▶ _Data for review_
◆ ◆ ◆

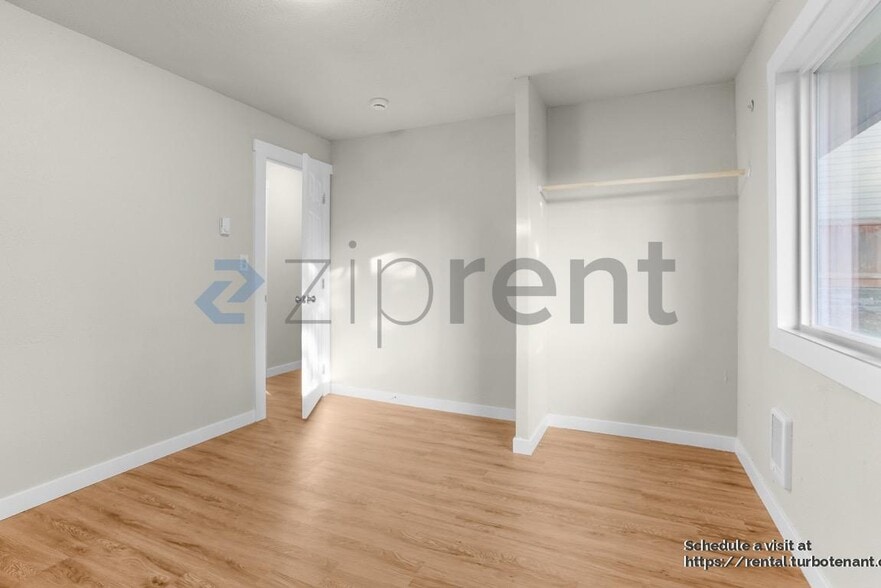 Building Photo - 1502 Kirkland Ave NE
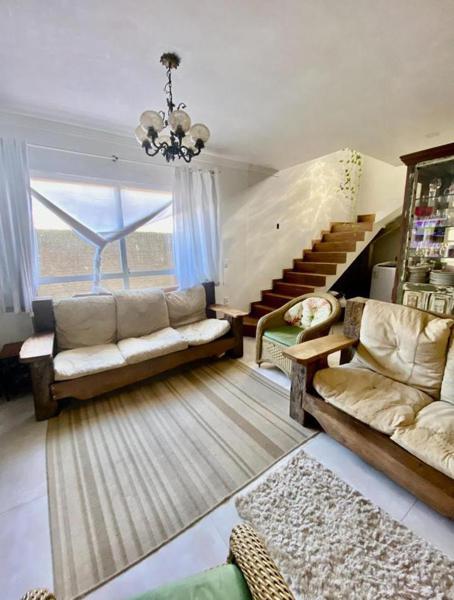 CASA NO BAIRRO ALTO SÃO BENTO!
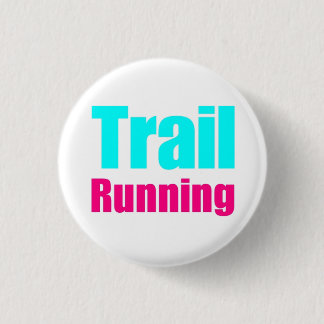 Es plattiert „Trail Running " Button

◆ ◆ ◆

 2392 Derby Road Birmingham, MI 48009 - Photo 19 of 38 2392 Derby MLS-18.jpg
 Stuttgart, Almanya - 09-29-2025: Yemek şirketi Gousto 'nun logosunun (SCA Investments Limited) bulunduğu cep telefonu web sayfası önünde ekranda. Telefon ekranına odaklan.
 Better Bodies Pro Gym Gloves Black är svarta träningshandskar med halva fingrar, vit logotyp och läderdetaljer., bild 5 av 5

◆ ◆ ◆

The exact lines of the material above starting at the one that contains "Stuttgart, Almanya - 09-29-2025: Yemek" and ending at the one that contains "Better Bodies Pro" are what to retype; leave out everything else.

▶ _Reply to the task_
 Stuttgart, Almanya - 09-29-2025: Yemek şirketi Gousto 'nun logosunun (SCA Investments Limited) bulunduğu cep telefonu web sayfası önünde ekranda. Telefon ekranına odaklan.
 Better Bodies Pro Gym Gloves Black är svarta träningshandskar med halva fingrar, vit logotyp och läderdetaljer., bild 5 av 5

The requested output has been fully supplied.